Defibrotide sodium protected ECs from damage caused by chemotherapy,
tumor necrosis factor-a (TNF-a), serum starvation, and perfusion.
2. Pharmacokinetics
Absorption
After intravenous administration, peak plasma concentrations of defibrotide
sodium occur approximately at the end of each infusion.
Distribution
Defibrotide sodium is highly bound to human plasma proteins (average 93%)
and has a volume of distribution of 8.1 to 9.1 L.
Elimination
Metabolism followed by urinary excretion is likely the main route of elimination.
The estimated total clearance was 3.4 to 6.1 L/h. The elimination half-life
of defibrotide sodium is less than 2 hours. Similar plasma concentration profiles
were observed in VOD patients after initial and multiple-dose administration
of 6.25 mg/kg every 6 hours for 5 days. Therefore, no accumulation is expected
following multiple-dose administration.
Metabolism
Though the precise pathway of defibrotide sodium degradation in plasma in
vivo is largely unknown, it has been suggested that nucleases, nucleotidases,
nucleosidases, deaminases, and phosphorylases metabolize polynucleotides
progressively to oligonucleotides, nucleotides, nucleosides, and then to the
free 2-deoxyribose sugar, purine and pyrimidine bases.
Excretion
After administration of 6.25 mg/kg to 15 mg/kg doses of DEFITELIO
as 2-hour infusions, approximately 5-15% of the total dose was excreted in
urine as defibrotide sodium, with the majority excreted during the first 4 hours
Pregnancy and lactation:
USE IN SPECIFIC POPULATIONS
1. Pregnancy
Risk Summary
There are no available data on DEFITELIO use in pregnant women.

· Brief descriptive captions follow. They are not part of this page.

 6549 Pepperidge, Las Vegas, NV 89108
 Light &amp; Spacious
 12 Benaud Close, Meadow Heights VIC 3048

When administered to pregnant rabbits during the period of organogenesis
at doses that were comparable to the recommended human dose based
on body surface area, defibrotide sodium decreased the number of
implantations and viable fetuses.
Advise pregnant women of the potential risk of miscarriage.
The estimated background risk of major birth defects and miscarriage for
the indicated population is unknown. In the U.S. general population,
the estimated background risks of major birth defects and miscarriage
in clinically recognized pregnancies are 2-4% and 15-20%, respectively.
2. Lactation
Risk Summary
There is no information regarding the presence of DEFITELIO in human milk,
the effects on the breastfed infant, or the effects on milk production.
Because of the potential for serious adverse reactions, including bleeding in a
breastfed infant, advise patients that breastfeeding is not recommended during
treatment with DEFITELIO.
3. Pediatric Use
The safety and effectiveness of DEFITELIO have been established in
pediatric patients. Use of DEFITELIO is supported by evidence from
an adequate and well-controlled study and a dose finding study of
DEFITELIO in adult and pediatric patients with VOD with evidence of
renal or pulmonary dysfunction following HSCT.
4. Geriatric Use
Clinical studies of DEFITELIO did not include sufficient numbers of subjects
aged 65 and over to determine whether they respond differently from younger
subjects. Other reported clinical experience has not identified differences
in responses between the elderly and younger patients.
5. OVERDOSAGE
There are no known cases of overdose with DEFITELIO. There is no known
antidote for DEFITELIO, and DEFITELIO is not dialyzable.
If an overdose occurs, institute general supportive measures.